In his own terse statement, Mike Holland, the New Brunswick natural resources and energy development minister, said he too is displeased.

"NB Power's year-end results are disappointing," said the statement.

"There is an ongoing issue that needs to be addressed."

NB Power has been under intense pressure to lower its debt level in advance of undertaking a multiple-billion-dollar refurbishment of its Mactaquac hydro electric generating station but has made almost no progress toward that goal in recent years.

A plan to cut its debt $750 million, to $4.16 billion, between 2015 and 2021 has fallen apart completely with its debt rising $14 million in those years instead, to $4.929 billion, including a $9 million increase in the most recent year.

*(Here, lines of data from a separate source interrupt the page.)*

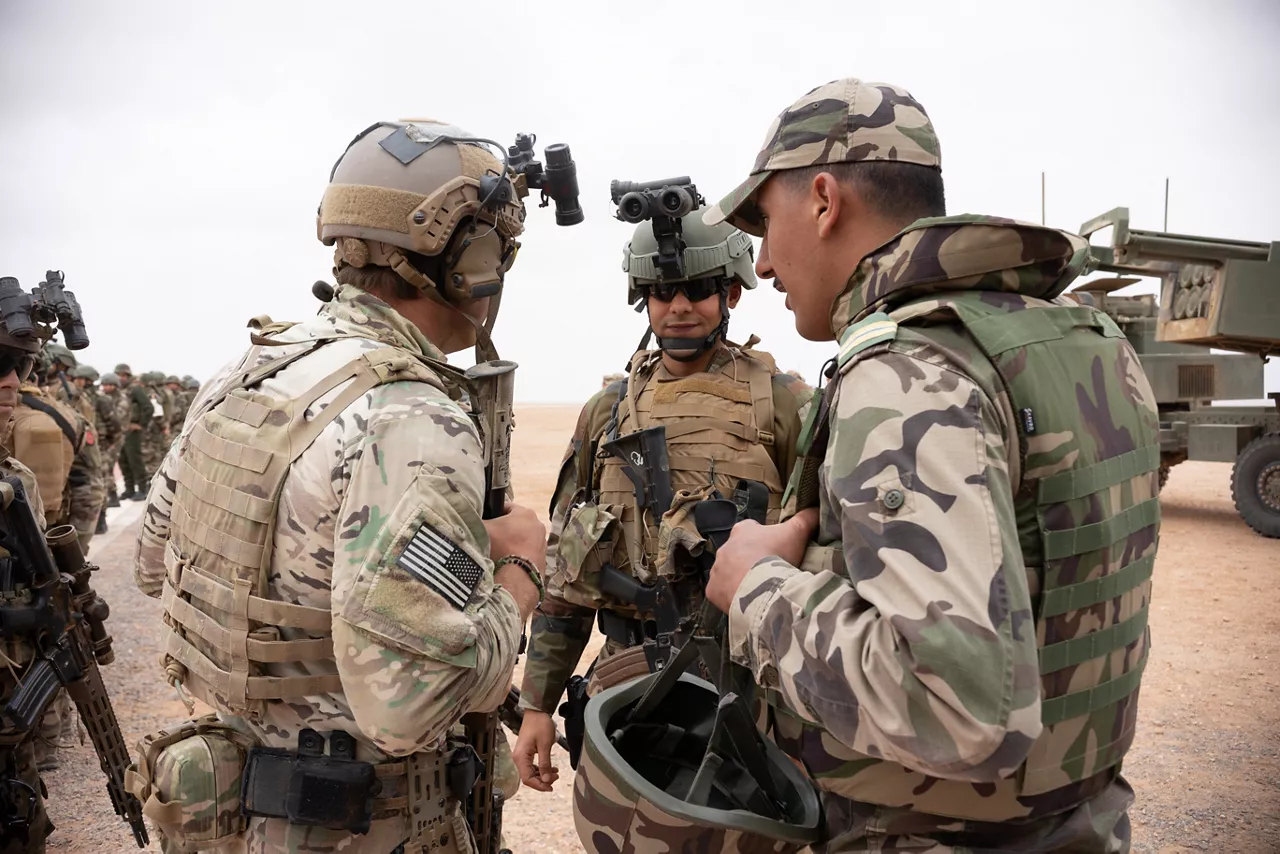Moroccan and U.S. soldiers discuss operational tactics during exercise African Lion 25.



Exercise ‘African Lion 2025’ saw 10,000 troops train together in Ghana, Morocco, Senegal and Tunisia. After two weeks of classroom training, the exercise culminated in a week-long planning exercise, combining land, air, sea, space and cyberspace challenges.

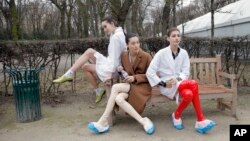 FILE - Models take a rest backstage after the Christian Dior's Spring-Summer 2015 Haute Couture fashion collection presented in Paris, Jan. 26, 2015. Two of France's biggest luxury conglomerates, LVMH and Kering, have joined forces to establish a charter to ban size zero models. 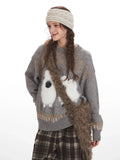Close-up of a woman wearing a grey knit sweater with a graphic sheep print, accessorized with a faux fur bag.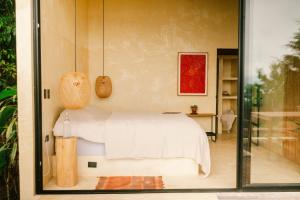 Ένα ή περισσότερα κρεβάτια σε δωμάτιο στο Orilla Casas en Ati +13 φωτογραφίες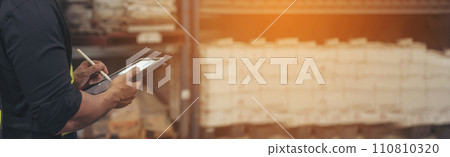 Banner Close up Hispanic men hands using pen touch smart tablet Warehouse management logistics counting checking products on inventory shelf. Man hands worker check stock control with copy space 110810320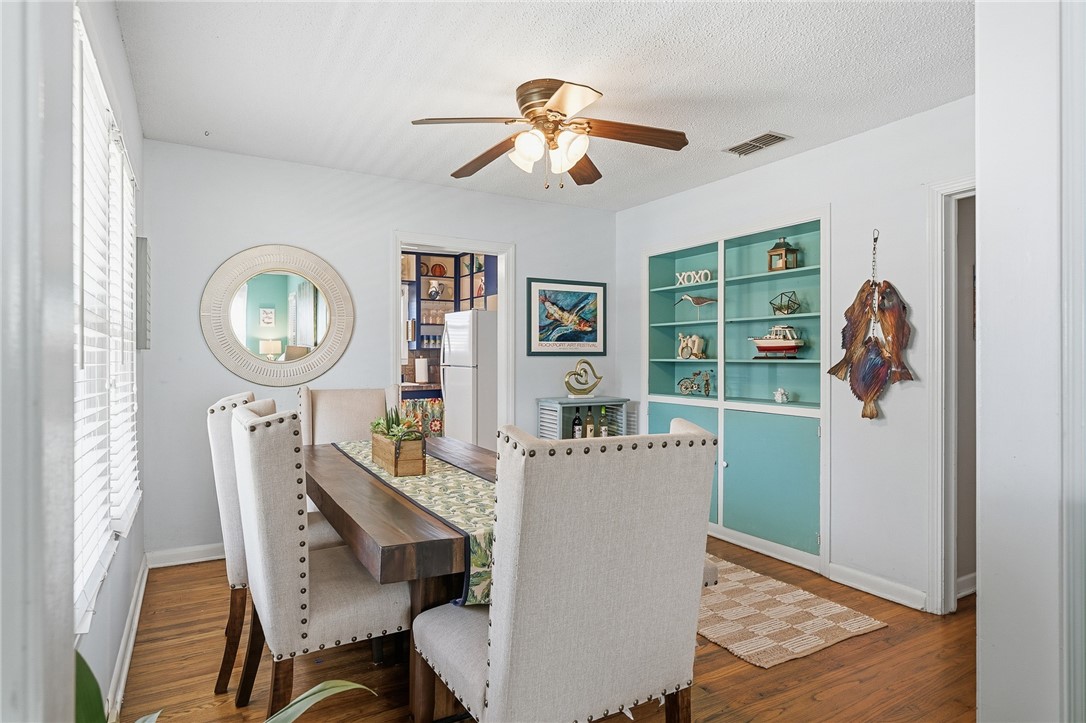607 Chaparral Street Fulton, TX 78382 - Photo 8 of 40 a view of a dining room with furniture and a chandelier fan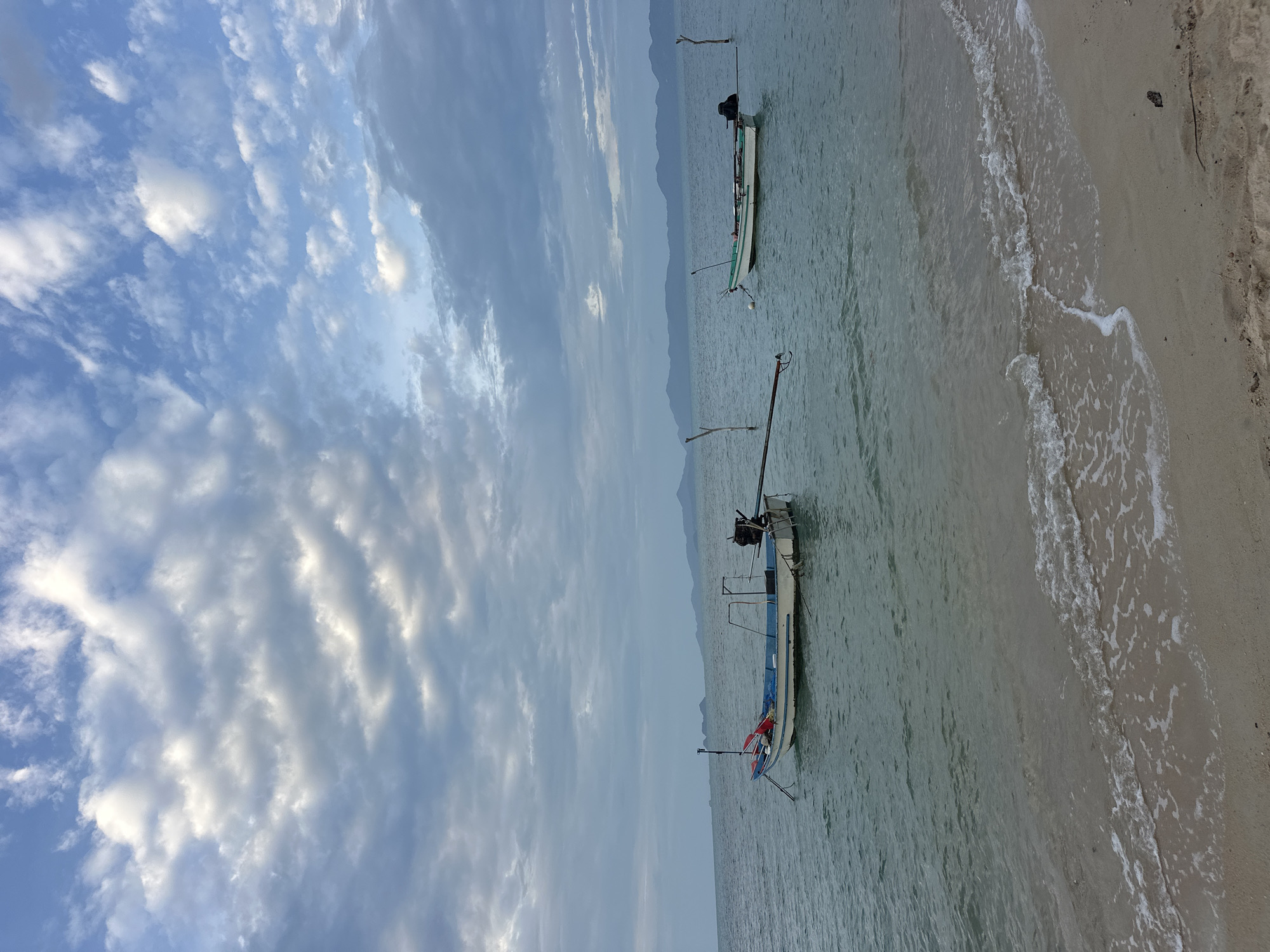 The image captures a serene coastal scene in Ko Samui District, Thailand. Two long-tail boats are anchored in the calm, turquoise waters of the Gulf of Thailand. The foreground features a sandy beach with gentle waves lapping at the shore. In the background, a hazy mountain range stretches across the horizon under a cloudy sky. The sky itself is a dramatic mix of blue and grey clouds, with patches of sunlight breaking through. The overall atmosphere is tranquil and picturesque, characteristic of a tropical beach setting.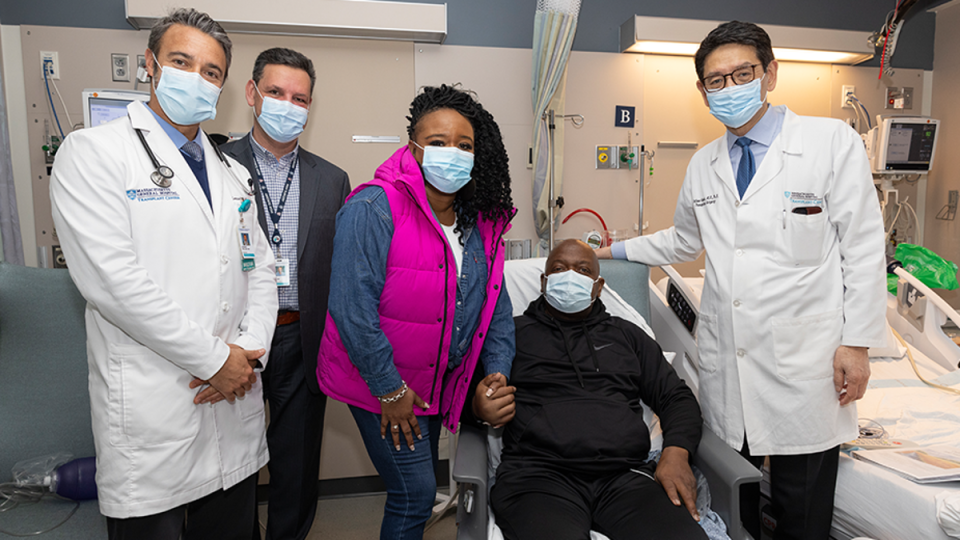 Rick Slayman with doctors during discharge (Massachusetts General Hospital)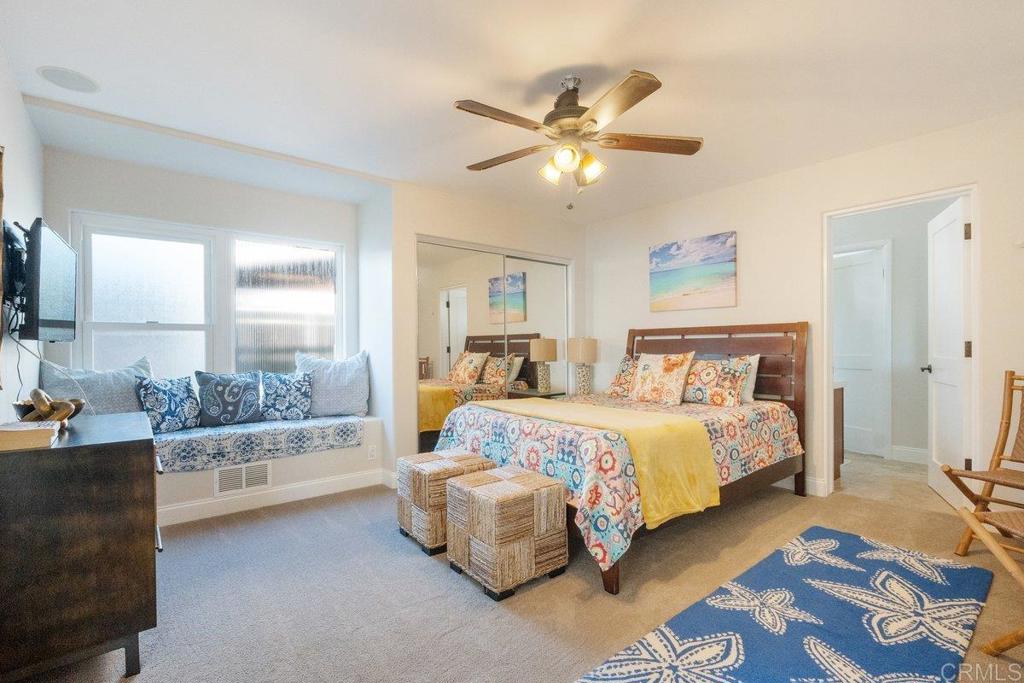 378 Neptune Avenue Encinitas, CA 92024 - Photo 38 of 45 a bedroom with a large bed and a chandelier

"We need to do better," said Murphy.

"We need to step back and make sure we're considering all options to achieve that objective because the objective is quickly closing in on us."

NB Power was hit by a series of expensive natural and man-made problems during the last year, the worst of which was a dead-of-winter breakdown of the Point Lepreau nuclear generating station that knocked the plant offline for 40 days in the peak consumption months of January and February.

Submitted by NB Power
Submitted by NB Power

Buying and generating replacement electricity for the idle nuclear plant cost $65 million.

Low water levels in New Brunswick rivers during a scorching 2020 summer was another blow, slashing expected production by NB Power's network of hydroelectric dams that eventually cost it up to $9 million.

In addition the COVID-19 pandemic cut overall demand for power and reduced sales by a further $19 million.

In the middle of those troubles, the Progressive Conservative government, which has been pushing the utility to reduce debt, encouraged a plan to delay the implementation of a 1.8 per cent rate increase from April 2020 to March 2021 that had been applied for from the Energy and Utilities Board.

That moved the rate hike from hitting consumers before the September 2020 provincial election until after, a delay that cost NB Power $27 million in revenue. The utility and the province both said it was NB Power's idea and done for economic, not political reasons.

The government has expressed ongoing concern about NB Power's debt and nearly two years ago instructed the utility to make paying it down by up to $500 million by 2027 a top priority.


"This target should come first and foremost in utility planning," Holland wrote in a mandate letter to NB Power in November 2019.

Two months later, in January 2020, Premier Blaine Higgs reinforced that directive during his televised state of the province address.

"I have asked NB Power to immediately develop a plan to reduce their unacceptable debt level without impacting rates," he said.

Since then, however, the utility has posted back-to-back losses, and Murphy said plans to pay down debt gradually over time have not been working and another approach may be needed.

"We've been on a path of trying to achieve these through incremental rate increases and subsequent cost reductions and we just haven't made the progress we'd like to make," he said.

Holland said he expects a workable plan to reduce debt soon.

"I'm not prepared to wait any longer," he said.